May 17 (Bloomberg) -- A gauge of U.S. corporate credit risk declined for the third time in four days as measures of consumer confidence and leading indicators climbed.
The Markit CDX North American Investment Grade Index, a credit-default swaps benchmark that investors use to hedge against losses or to speculate on creditworthiness, decreased 1.3 basis points to a mid-price of 70.3 basis points at 4:08 p.m. in New York, according to prices compiled by Bloomberg. The measure has declined 1.9 basis points this week.
The Thomson Reuters/University of Michigan preliminary index of consumer sentiment rose to 83.7 in May, the highest since July 2007, from 76.4 the month before, a report showed.
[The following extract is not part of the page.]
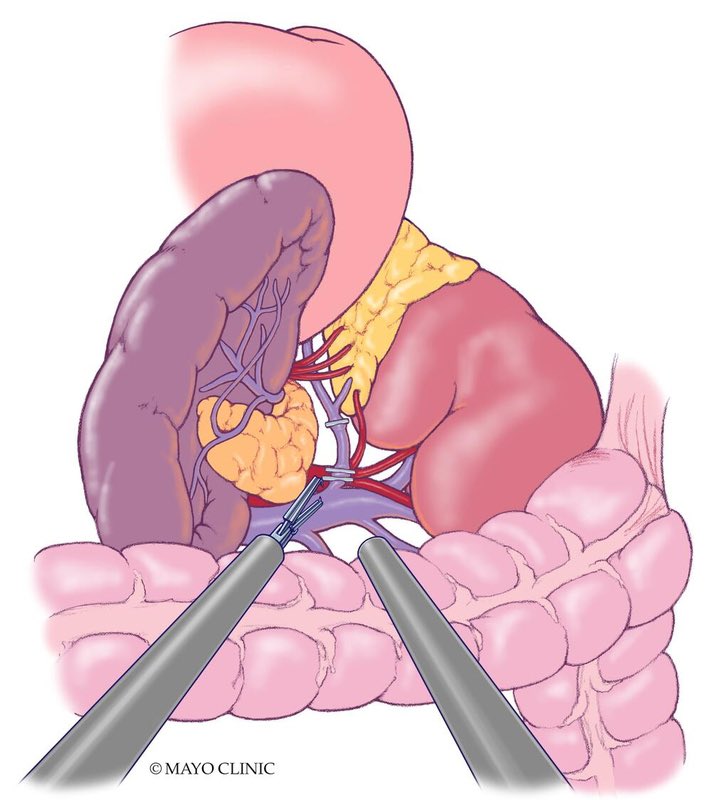 Mayo Clinic Florida General Surgery Program (@mayojaxgensurg) on Twitter photo Surgeons who perform six or more adrenalectomies per year statistically have better outcomes. #MayoClinicFL performs more than 60 adrenalectomies a year, and nearly 90% of these procedures are performed robotically. <a href="/FernandoElliMD1/">E. Fernando Elli MD FACS</a>
bit.ly/42BvtxK Surgeons who perform six or more adrenalectomies per year statistically have better outcomes. #MayoClinicFL performs more than 60 adrenalectomies a year, and nearly 90% of these procedures are performed robotically. <a href="/FernandoElliMD1/">E. Fernando Elli MD FACS</a>
bit.ly/42BvtxK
A gauge of the U.S. economic outlook for the next three to six months climbed 0.6 percent in April after a revised 0.2 percent fall in March, the New York-based Conference Board said today. Signs that the economy is improving may reassure investors that companies will be able to repay their debts.
“The bear case is just getting squashed one by one,” Scott Carmack, a money manager at Leader Capital Corp. in Portland, Oregon, said in a telephone interview. “The Fed will probably start to withdraw quantitative easing by the end of this year or early next year, and I think they have enough ammunition to do it.”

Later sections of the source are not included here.